Kreativität
"Jeder Mensch ist kreativ“. Wer kennt diesen Satz von Joseph Beuys nicht? Ich habe ihn immer so verstanden, dass jeder Mensch über eine schöpferische Kraft verfügt, die ursprünglich vorhanden ist. Manchmal kann man sie bei einem kleinen Kind spüren, das unbefangen und selbstvergessen malt, um des Tuns willen, nicht, um ein besonderes Bild zu produzieren.
Aber wir setzen diese Kraft nach meiner Auffassung oft auch im Alltag ein, z. B. dann, wenn eine Planung sich nicht umsetzen lässt und wir „umdenken“ müssen.
Das weiße Blatt, die Leinwand und vor allem Acrylfarben bieten die Möglichkeit auszuprobieren, zu experimentieren, Impulsen nachzugehen und es bei Nichtgefallen wieder zu übermalen. Und das möglichst nicht nach äußeren Vorgaben, sondern in einem inneren Dialog zwischen Maler und Leinwand bzw. dem sich entwickelndem Ausdruck.
Für mich wird das Blatt/die Leinwand damit zu einem Übungsfeld.
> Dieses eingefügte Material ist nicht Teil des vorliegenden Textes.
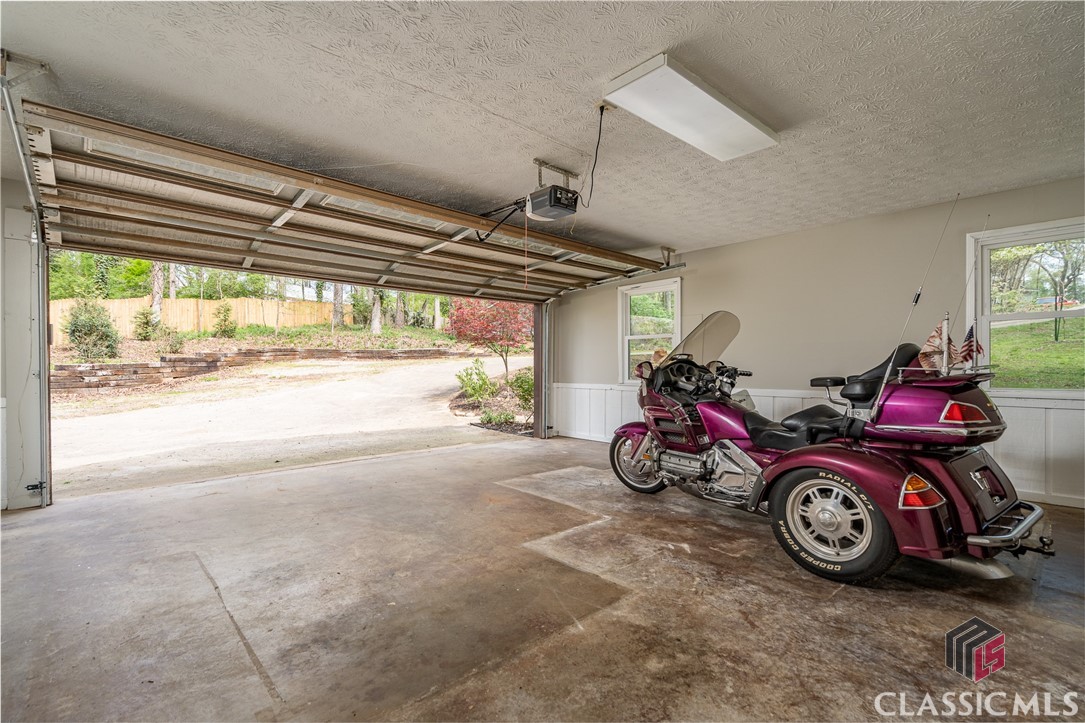 155 Kingston Way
Natürlich biete ich Anleitung und Hilfestellung an. Wenn man sich auf neues Terrain begibt, kann der Anfang schwer sein. Und manchmal stockt es auch während der Arbeit. Ein Hindernis kann dabei sein, dass wir es gewohnt sind zu vergleichen, zu bewerten und bewertet zu werden, was leider schon in der Kindheit viel zu früh anfängt. Unser Handeln wird dann vom Ergebnis, vom Produkt bestimmt, das möglichst perfekt und ansprechend sein soll und vielleicht sogar noch eine Botschaft vermitteln soll.

Beim freien Malen ist der Prozess wichtig.
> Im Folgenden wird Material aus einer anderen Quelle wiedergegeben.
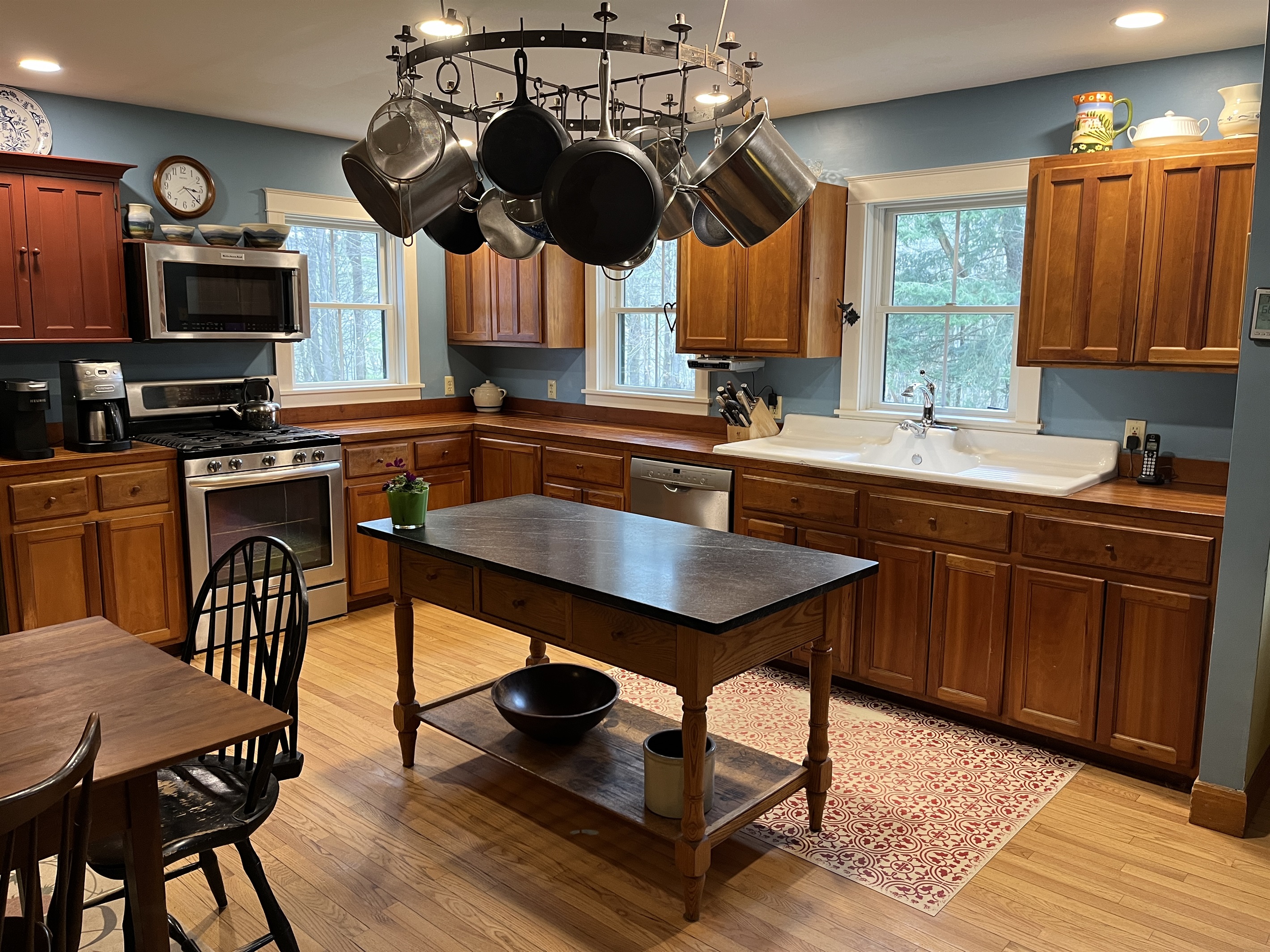 Plenty of space to prepare your meals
Im Prozess lernt man allmählich feste Vorstellungen loszulassen und immer mehr seinem ursprünglichen und natürlichen Form- und Farbgefühl, seinen Ideen, Impulsen zu vertrauen, d. h. sich selbst mehr zu vertrauen.
Der Weg zu den schöpferischen Quellen wird frei.

Letztendlich kommt es gar nicht auf das Bild an. Der innere Prozess, der geleistet wird, macht frei und ermöglicht kreatives Denken und Handeln in allen Lebensprozessen.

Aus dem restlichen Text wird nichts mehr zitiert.